L’histoire commence en 1619 avec le prince Honoré II de Monaco qui décide de faire construire un fortin sur des rochers pour surveiller la baie de Garavan et la baie ouest. Les travaux de cet édifice militaire vont durer trois ans (1636-1639).

Sous la Révolution française, la principauté de Monaco est annexée puis intégrée en 1793 dans le département des Alpes-Maritimes ; le Bastion devient alors un bien national. Il faudra attendre la signature du Traité de Vienne en 1815, pour que le prince de Monaco retrouve ses droits sur son domaine.

Trois décennies plus tard, le 2 mars 1848, Menton se déclare commune libre et le Bastion retourne dans le patrimoine national confié à la commune mentonnaise. Au cours du XIXe siècle, la construction est attribuée à l’administration des Ponts et Chaussées.

Le fortin devient tour à tour entrepôt, grenier à sel et porte-phare à feu fixe. Après la révolution de 1848, le Bastion est utilisé comme prison. Puis en 1860, il perd son rôle défensif et ses canons sont vendus. Son caractère de forteresse isolée disparaît lors de la construction du Vieux-port (1869-1890).

XXe et XXIe siècles

De 1940 à 1943, le Bastion est utilisé comme prison par les autorités italiennes d’occupation avant d’être transformé en blockhaus par les troupes allemandes. Puis en 1957, l’artiste Jean Cocteau découvre l’édifice en ruine.

Sa restauration ainsi que la reconstruction des quatre échauguettes est alors engagée par le conseil municipal, soutenue par des historiens et techniciens spécialisés.

Trois ans plus tard, les travaux sont achevés et l’édifice concédé à la Ville de Menton par l’administration des Domaines.

Jean Cocteau y installe son musée qui sera inauguré en 1967, soit quatre ans après sa mort.

Depuis le 23 mai 2014, le Bastion est protégé au titre du Plan de sauvegarde et de mise en valeur, faisant partie du Secteur sauvegardé de la ville.

La Restauration

Les travaux extérieurs concernent l’ensemble des façades, le toit-terrasse et les quatre échauguettes.

Sachant que la difficulté technique de ce chantier porte sur la façade qui se trouve côté mer.
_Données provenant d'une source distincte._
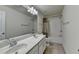 This bathroom has dual sinks, and a shower and tub combination with a shower curtain at 13030 Dartmore Ave, Alpharetta, GA 30005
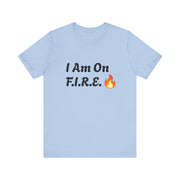 Light blue "I Am On F.I.R.E." motivational t-shirt promoting the F.I.R.E. Movement with flame graphic.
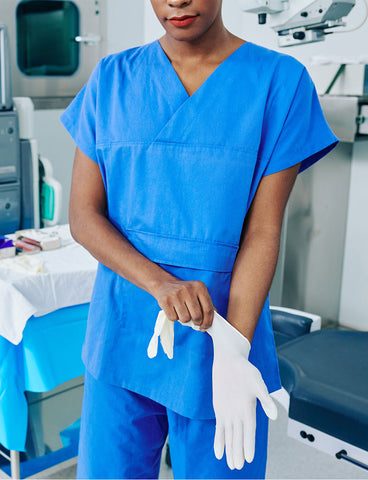 nurse putting on gloves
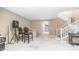 Open basement area with tile floors, staircase, bar seating, and adjacent room, creating a versatile space at 1970 E Yellowstone Pl, Chandler, AZ 85249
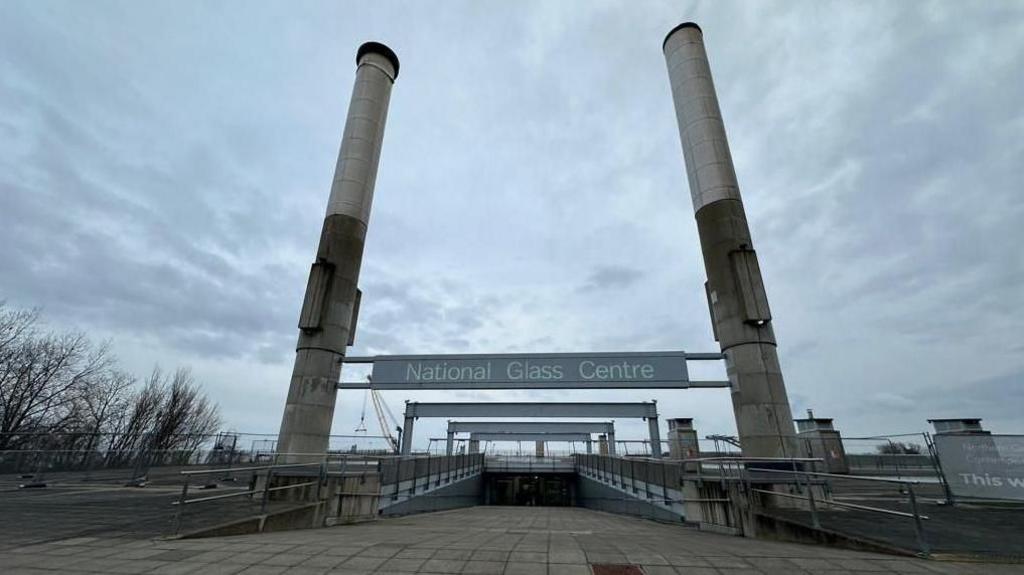 The entrance to the National Glass Centre. The concrete path leads down a ramp. Meanwhile, two concrete pillars border either side. A grey sign reads: "National Glass Centre".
Du côté de la restauration intérieure, seules les menuiseries ont besoin d’être remplacées.

La Ville de Menton est maître d’ouvrage de cette opération dont le montant s’élève à 850 000 euros.

La maîtrise d’œuvre, quant à elle, a été confiée au cabinet Perrot-Richard.

La durée prévisionnelle du chantier est de dix mois.

Le Bastion Originel

Lors de sa construction, le fortin était relié à la bourgade par des passerelles en bois qui prenaient appui sur des rochers à fleur d’eau. Le dernier tronçon de la passerelle fut ensuite remplacé par un pont-levis relié au deuxième niveau.

Après avoir passé la lourde porte en chêne, les militaires arrivaient dans la salle de garde où donnaient la cuisine équipée d’un four à pain et le poste de commandement.

Un escalier en bois permettait de descendre au magasin à munitions et à la poudrerie.

La plate-forme supérieure était bordée de créneaux et comportait sur chacun de ses quatre angles une échauguette où se tenait la batterie : quatre pièces de bronze (canons) pointées vers la mer servies par une quinzaine de canonniers.